Every Memorial Day, I like to remind people about the Double V campaign. It was started in 1942 by the Pittsburgh Courier, an historic African-American newspaper, just as the United States entered World War II. “Double V” stood for “Victory Abroad and Victory at Home.” The purpose of the campaign was to call continued attention to the legal injustices and segregation that blacks dealt with as American citizens on American soil and as soldiers abroad within the (segregated) armed forces. Naturally, J. Edgar Hoover considered the Double V Campaign an act of sedition. When Black Americans were hesitant to serve in the military for a country in which they were legally treated as second class citizens, there was no understanding, only accusations of treason.

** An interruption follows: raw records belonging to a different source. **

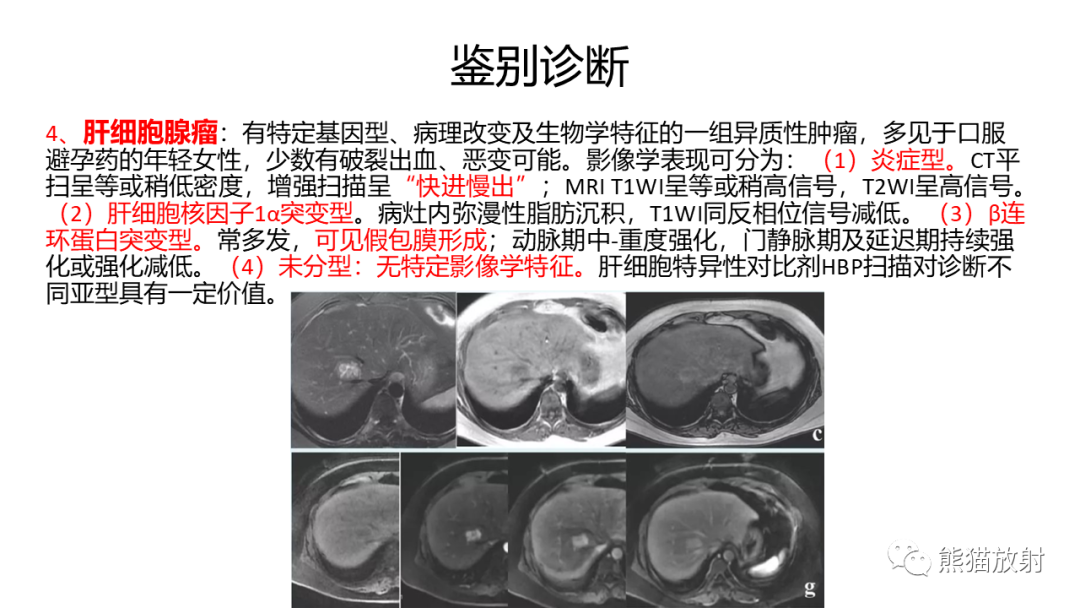 影像PPT - 【病例】肝内胆管细胞癌 VS 肝细胞性肝癌-42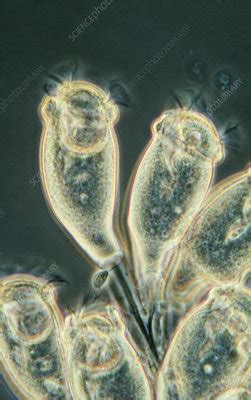  Zoothamnium: A Ciliate That Thrives On Aquatic Delights!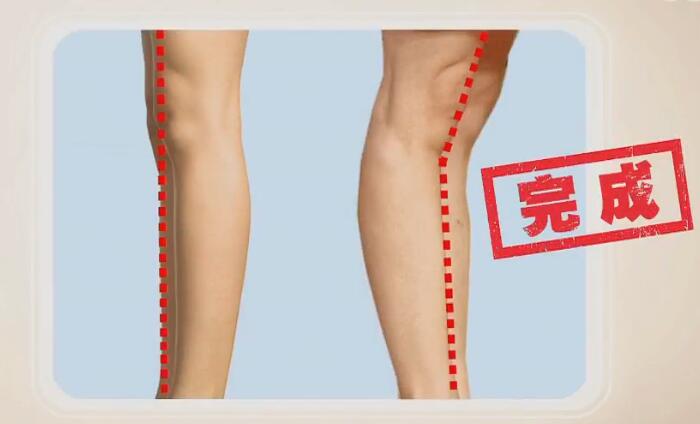 三项以上,就说明您可能存在全身性关节韧带松弛,患拇外翻的风险更大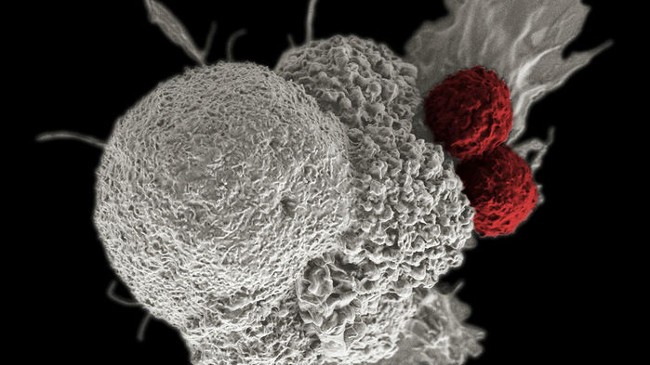 Đột phá: Mỹ thông qua trị liệu gen chữa ung thư máu ảnh 1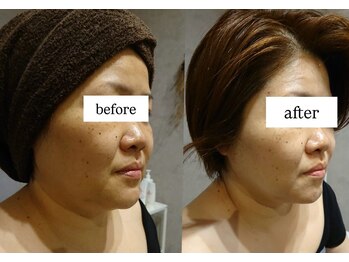 ビー ブルーム(B BLOOM)/【リフトアップ小顔】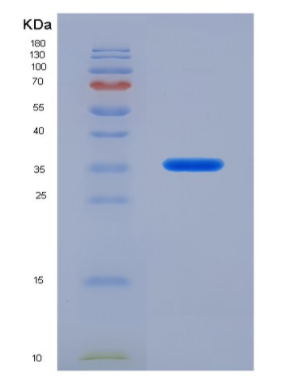 Recombinant Interleukin 21 (IL21),Recombinant Interleukin 21 (IL21)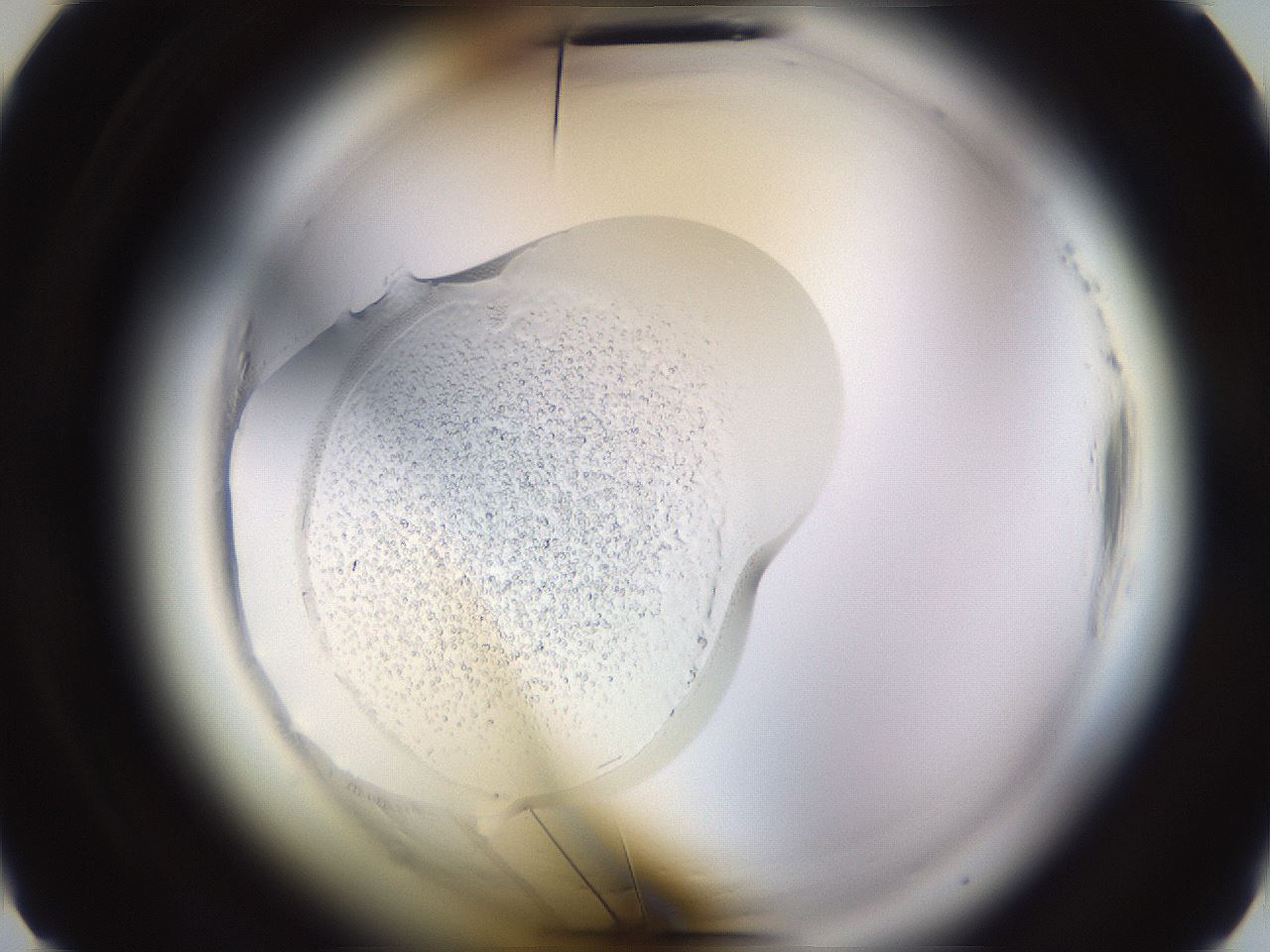 folderID589_plateID2589_batchID14834_wellNum5_profileID1_d2_r200182_ef.jpg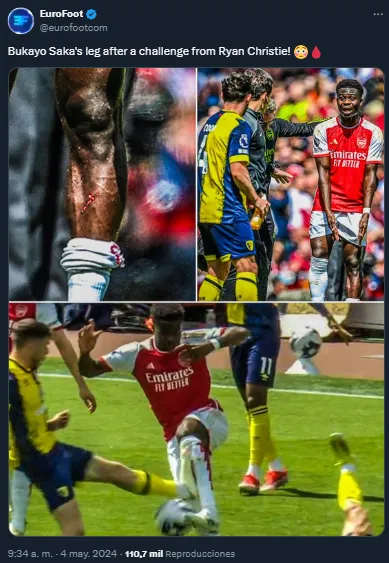 Patada de Ryan Christie y una brutal herida para Bukayo Saka (Twitter).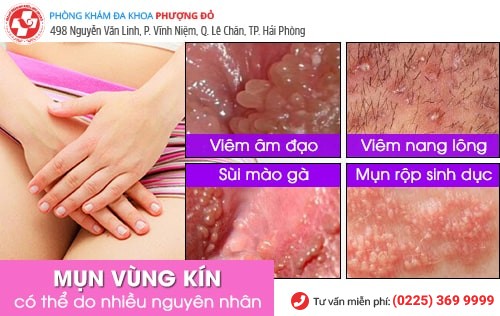 mụn vùng kín nữ mụn vùng kín nữ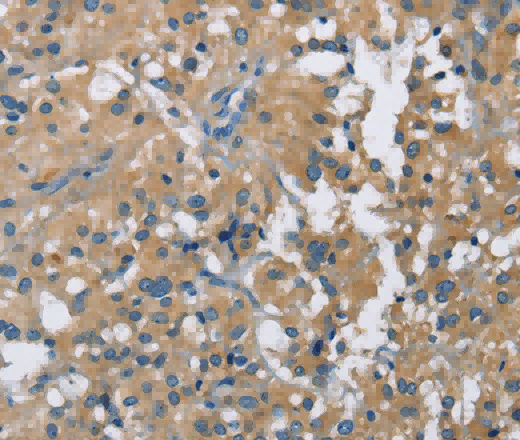 CAB39L Polyclonal Antibody - 2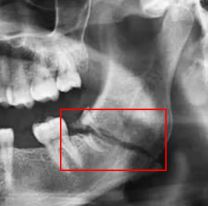 Juje&ntilde;o enloqueci&oacute; y le rompi&oacute; la mandibula a su ex: Qued&oacute; internada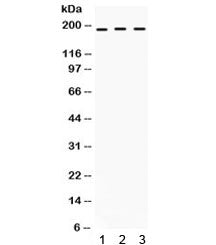 Western blot testing of human 1) SW620, 2) COLO320 and 3) HepG2 cell lysate with LIFR antibody. Expe
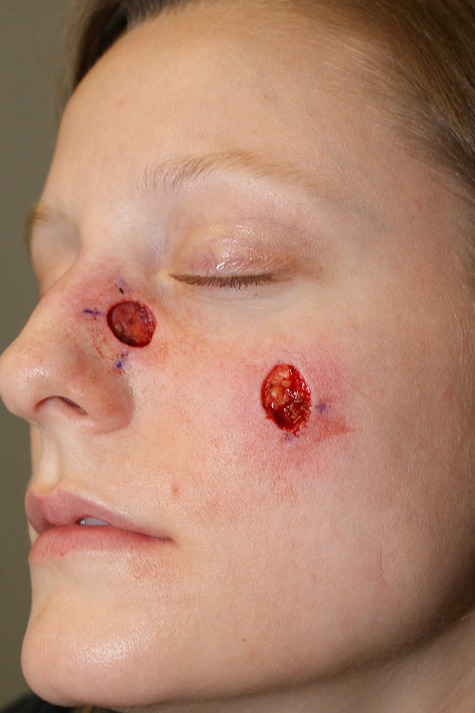 Skin-Cancer-Patient-3 | Before Skin Cancer Repair
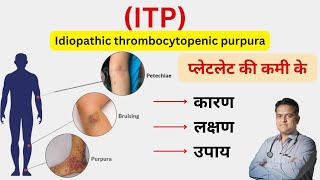 ITP बीमारी क्या है । प्लेटलेट की कम रहने का कारण । Thrombocytopenia symptoms and treatment । [upl. by Sairahcaz]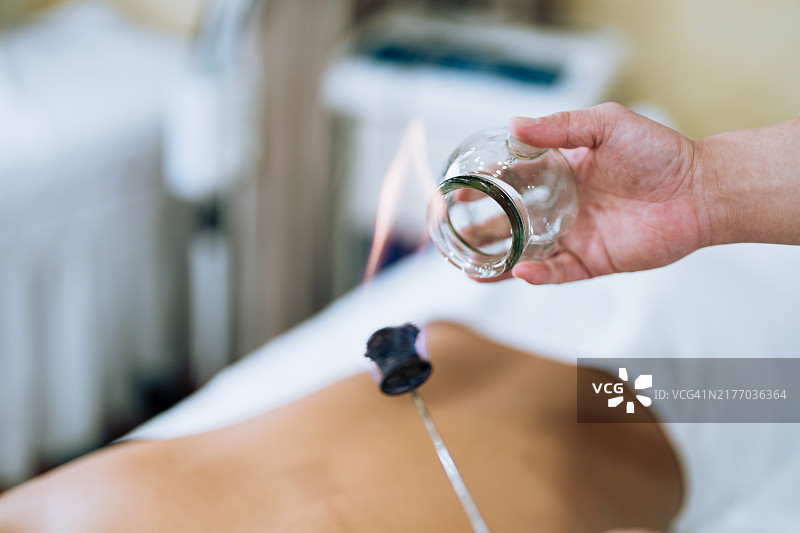 拔罐疗法：一位年轻的中医医生准备玻璃罐，用火焰为一位年轻的亚洲运动员进行拔罐治疗。传统中医系列图片素材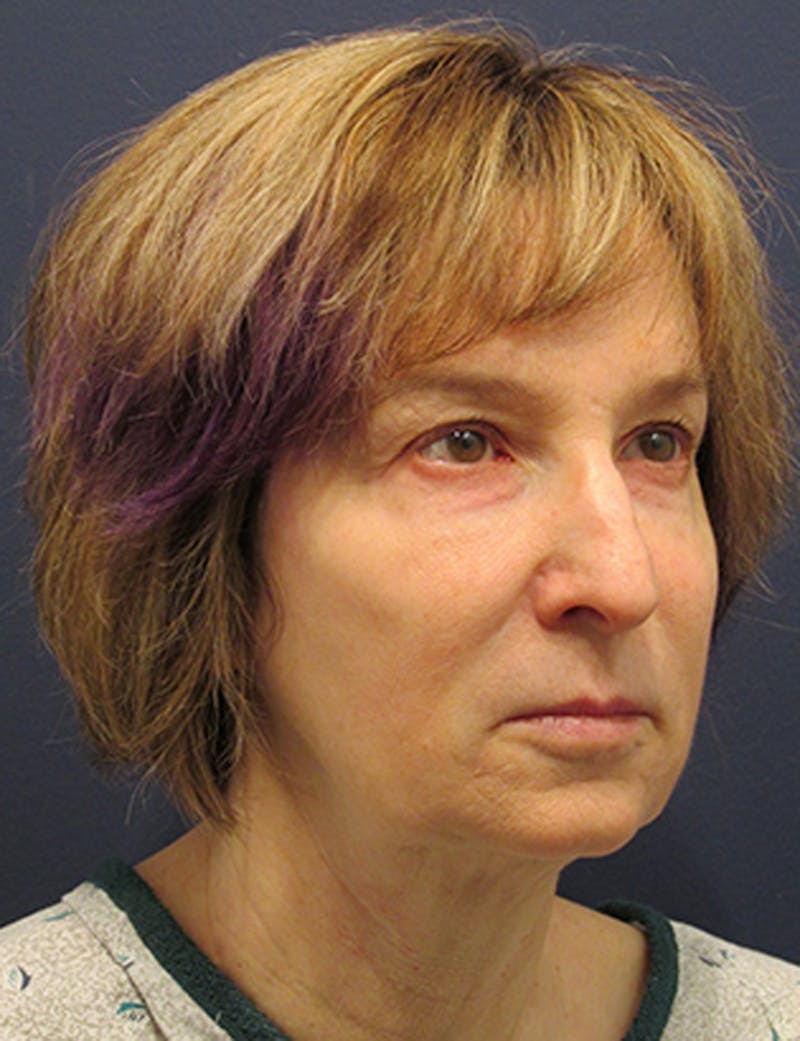 Facelift Before & After Gallery - Patient 174146476 - Image 3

To appreciate the role of the Pittsburgh Courier in this campaign, keep in mind that white newspapers did not cover Blacks unless there was a crime involved or, of course, if the Black in question was an athlete or an entertainer. White newspapers did not cover our births, deaths, weddings or any other slice of life-type activity that we did just like everyone else. That is why, in part, Ebony magazine was born. And they certainly did not report on racial discrimination (especially within the military who banned black newspapers from its libraries during the Double V Campaign) the way the Black press did.
The picture above was taken in 1942 on 119th Street, between Lenox and 7th (now Malcolm X Blvd and Adam Clayton Powell Blvd).